On a four-dimensional closed manifold $M^4$, we can have both a Pontryagin number and an Euler number. Are they related?

Answer 1

Let $M$ be a connected, closed, smooth, oriented four-dimensional manifold.

By the Hirzebruch signature theorem, the first Pontryagin number is

$$p_1(M) = \langle p_1(TM), [M]\rangle = 3\tau(M)$$

where $\tau(M) = b^+(M) - b^-(M)$ is the signature of $M$.

On the other hand,

\begin{align*} \chi(M) &= b_0(M) - b_1(M) + b_2(M) - b_3(M) + b_4(M)\\ &= 1 - b_1(M) + b^+(M) + b^-(M) - b_1(M) + 1\\ &= 2 - 2b_1(M) + b^+(M) + b^-(M). \end{align*}

Now note that $p_1(M) = 3\tau(M) \equiv b^+(M) + b^-(M) \bmod 2$ and $\chi(M) \equiv b^+(M) + b^-(M) \bmod 2$, so $p_1(M)$ and $\chi(M)$ have the same parity, i.e. they are either both even, or both odd.

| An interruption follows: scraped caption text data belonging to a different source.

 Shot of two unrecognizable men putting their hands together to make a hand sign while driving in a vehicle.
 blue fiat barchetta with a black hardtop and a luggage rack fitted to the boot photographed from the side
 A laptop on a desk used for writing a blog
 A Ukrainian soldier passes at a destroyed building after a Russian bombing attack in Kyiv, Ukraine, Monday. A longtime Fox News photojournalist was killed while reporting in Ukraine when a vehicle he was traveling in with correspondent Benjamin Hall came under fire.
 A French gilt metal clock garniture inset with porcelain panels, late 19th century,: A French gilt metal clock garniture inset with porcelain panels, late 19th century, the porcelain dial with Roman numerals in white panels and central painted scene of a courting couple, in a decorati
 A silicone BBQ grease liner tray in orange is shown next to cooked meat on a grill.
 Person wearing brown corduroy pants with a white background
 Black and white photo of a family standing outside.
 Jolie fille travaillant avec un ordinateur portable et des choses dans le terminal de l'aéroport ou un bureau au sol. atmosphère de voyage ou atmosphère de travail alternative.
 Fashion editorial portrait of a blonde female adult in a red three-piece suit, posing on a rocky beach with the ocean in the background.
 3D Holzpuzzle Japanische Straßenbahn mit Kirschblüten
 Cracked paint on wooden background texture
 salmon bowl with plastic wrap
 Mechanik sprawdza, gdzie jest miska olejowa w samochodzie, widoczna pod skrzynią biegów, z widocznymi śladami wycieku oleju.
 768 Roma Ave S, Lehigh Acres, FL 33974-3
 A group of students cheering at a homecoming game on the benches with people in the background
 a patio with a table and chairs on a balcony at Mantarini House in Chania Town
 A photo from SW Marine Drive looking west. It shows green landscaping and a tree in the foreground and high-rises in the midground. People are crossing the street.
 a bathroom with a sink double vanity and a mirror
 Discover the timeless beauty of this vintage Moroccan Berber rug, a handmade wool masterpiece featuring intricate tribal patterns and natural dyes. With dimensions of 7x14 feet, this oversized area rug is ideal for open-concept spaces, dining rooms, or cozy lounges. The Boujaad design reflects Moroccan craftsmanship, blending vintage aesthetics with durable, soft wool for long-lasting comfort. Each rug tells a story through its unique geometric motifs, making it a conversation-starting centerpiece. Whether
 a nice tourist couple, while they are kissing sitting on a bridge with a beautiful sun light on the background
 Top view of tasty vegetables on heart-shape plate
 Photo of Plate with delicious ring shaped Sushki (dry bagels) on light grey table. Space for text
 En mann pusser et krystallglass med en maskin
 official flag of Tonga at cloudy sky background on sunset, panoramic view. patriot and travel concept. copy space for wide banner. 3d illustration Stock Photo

Aside from the fact that $p_1(M)$ and $\chi(M)$ have the same parity, and that $p_1(M)$ is divisible by three, there are no more restrictions on these two quantities - in particular, no further relations between them. To see this, it is enough to exhibit, for any integers $a$ and $b$ of the same parity, a connected, closed, smooth, oriented four-manifold $M$ with $p_1(M) = 3a$ and $\chi(M) = b$ - note, $3a$ has the same parity as $a$, so $3a$ and $b$ have the same parity. First observe that

$$p_1(T^4\#k\mathbb{CP}^2\# l\overline{\mathbb{CP}^2}) = 3\tau(T^4\#k\mathbb{CP}^2\# l\overline{\mathbb{CP}^2}) = 3(k-l)$$

and

$$\chi(T^4\#k\mathbb{CP}^2\# l\overline{\mathbb{CP}^2}) = k + l.$$

Taking $k = \frac{1}{2}(a + b)$ and $l = \frac{1}{2}(b - a)$, which are integers because $a$ and $b$ have the same parity, we see that $M = T^4\#k\mathbb{CP}^2\# l\overline{\mathbb{CP}^2}$ satisfies $p_1(M) = 3a$ and $\chi(M) = b$.